## WHAT IS BEING ASKED
For this exercise, write out the full listing that follows exactly and skip its pictures.

## MATERIAL PROVIDED
************

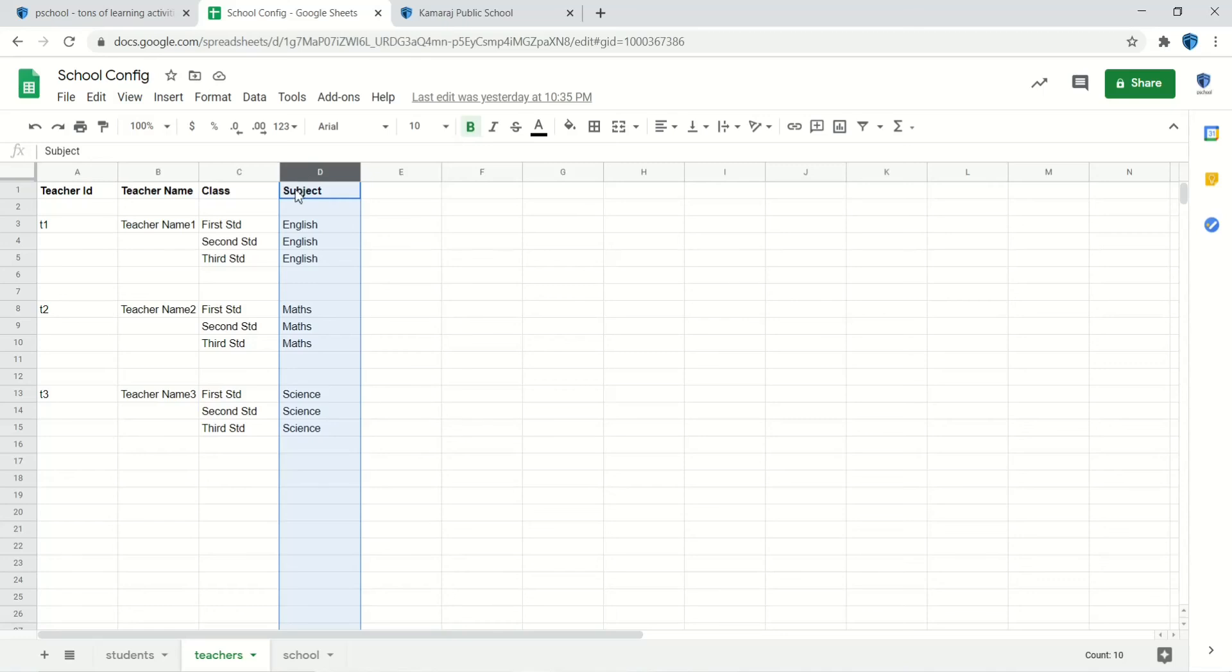Of course one teacher will take more than one class and subject. Apart from this, we don't collect any other personal information.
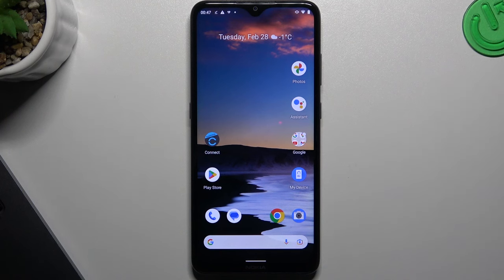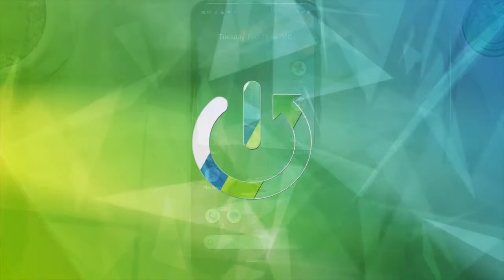Hello guys and welcome to the channel! Today I will show you how you can track the SSID of the network on your Android device.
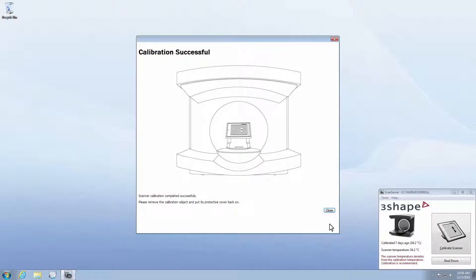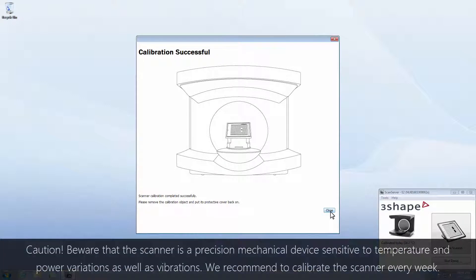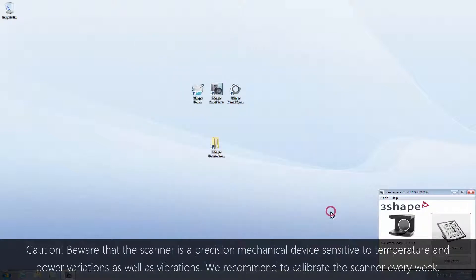After the calibration is done, click the Close button. You can now remove the calibration object from the scanner. Put it in the protective cover and place it in a safe space.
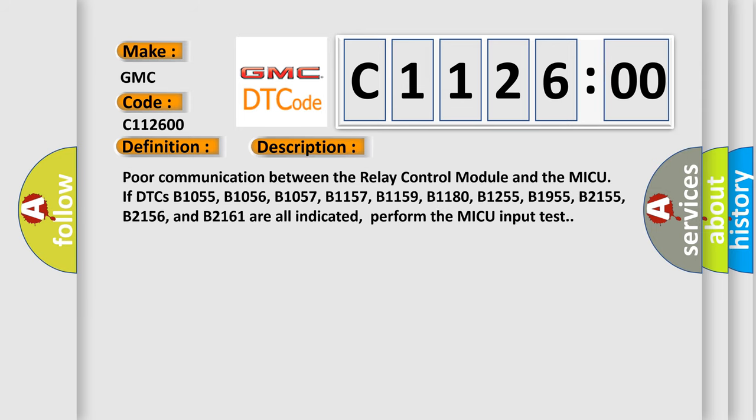And now this is a short description of this DTC code. Poor communication between the Relay Control Module and the MICU. If DTCs B1055, B1056, B1057, B1157, B1159, B1180, B1255, B1955, B2155, B2156, and B2161 are all indicated, perform the MICU input test.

************

## ANSWER SPACE
Of course one teacher will take more than one class and subject. Apart from this, we don't collect any other personal information.
Hello guys and welcome to the channel! Today I will show you how you can track the SSID of the network on your Android device.
After the calibration is done, click the Close button. You can now remove the calibration object from the scanner. Put it in the protective cover and place it in a safe space.
And now this is a short description of this DTC code. Poor communication between the Relay Control Module and the MICU. If DTCs B1055, B1056, B1057, B1157, B1159, B1180, B1255, B1955, B2155, B2156, and B2161 are all indicated, perform the MICU input test.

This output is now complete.